■ PROBLEM DESCRIPTION ■
Return each line of the listing below, unchanged, and omit the images.

■ DATA EXCERPT ■
════════════════

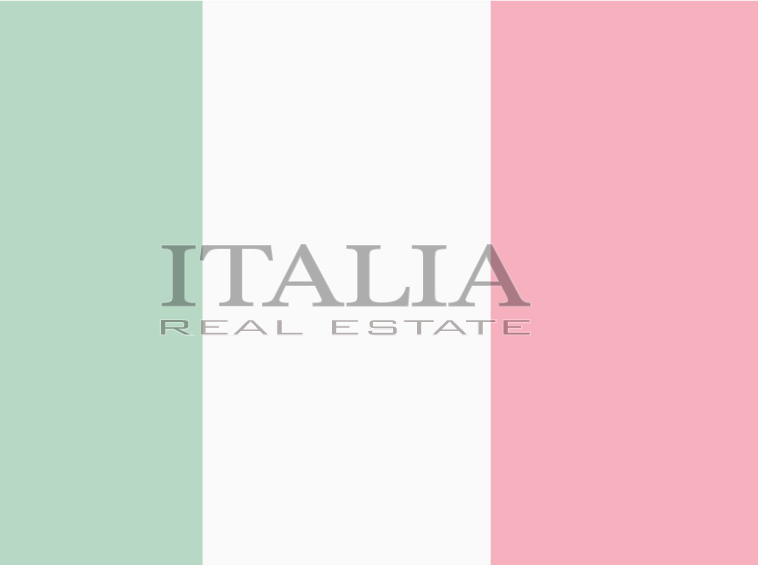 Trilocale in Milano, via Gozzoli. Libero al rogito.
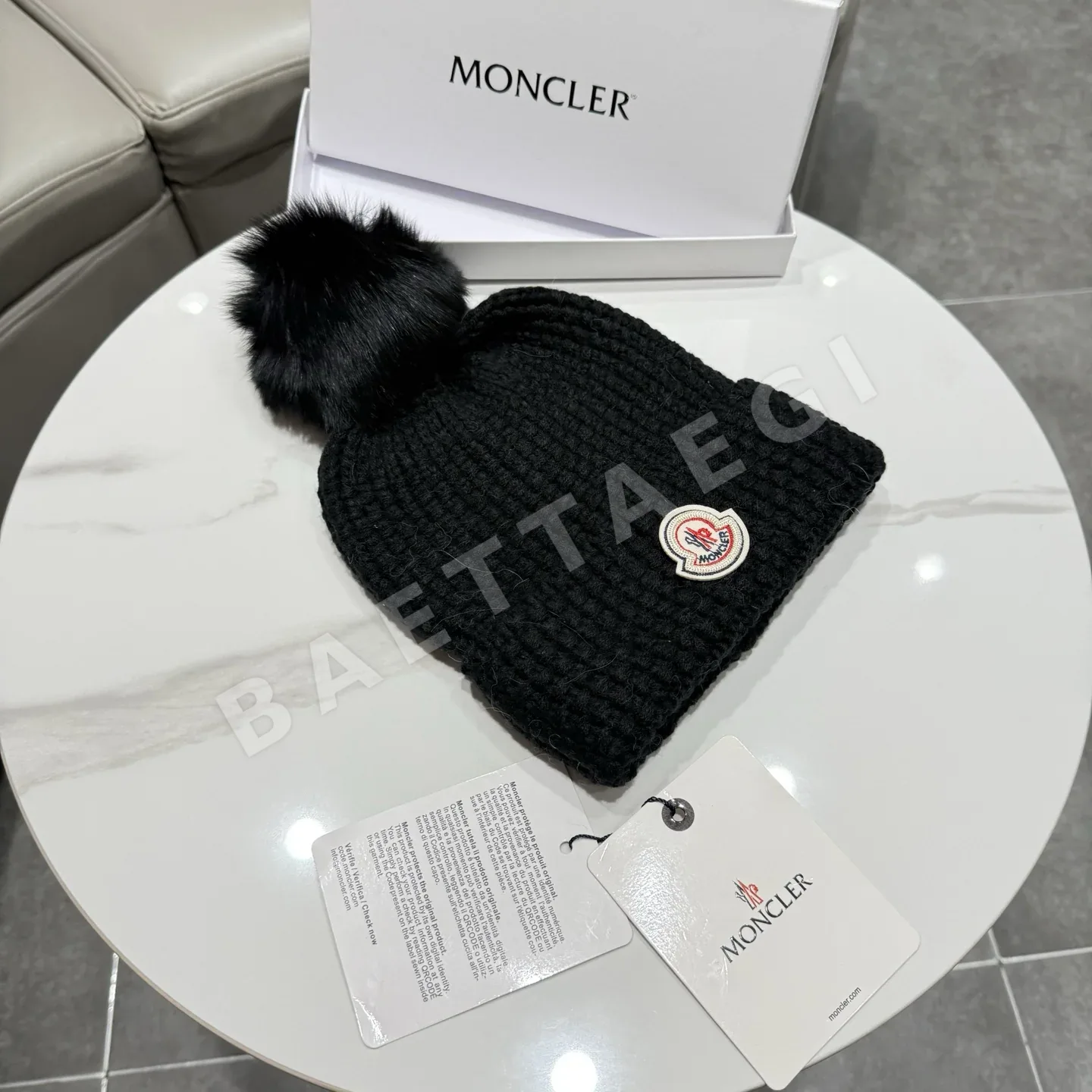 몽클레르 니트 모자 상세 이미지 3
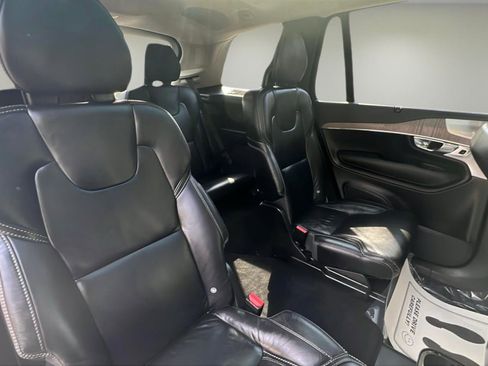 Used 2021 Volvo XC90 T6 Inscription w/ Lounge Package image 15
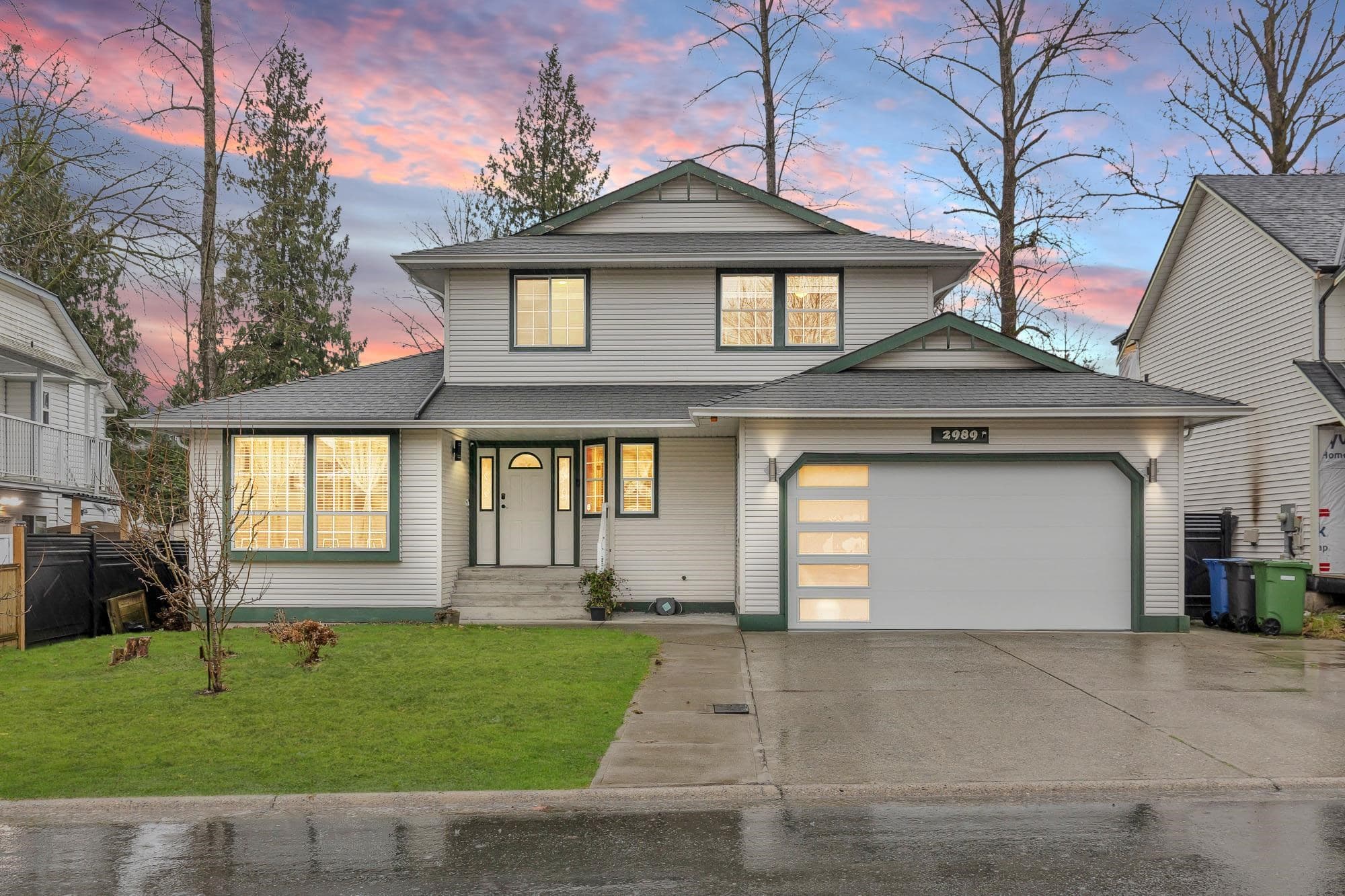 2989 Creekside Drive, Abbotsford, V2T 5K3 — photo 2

════════════════

■ YOUR RESPONSE ■
 Trilocale in Milano, via Gozzoli. Libero al rogito.
 몽클레르 니트 모자 상세 이미지 3
 Used 2021 Volvo XC90 T6 Inscription w/ Lounge Package image 15
 2989 Creekside Drive, Abbotsford, V2T 5K3 — photo 2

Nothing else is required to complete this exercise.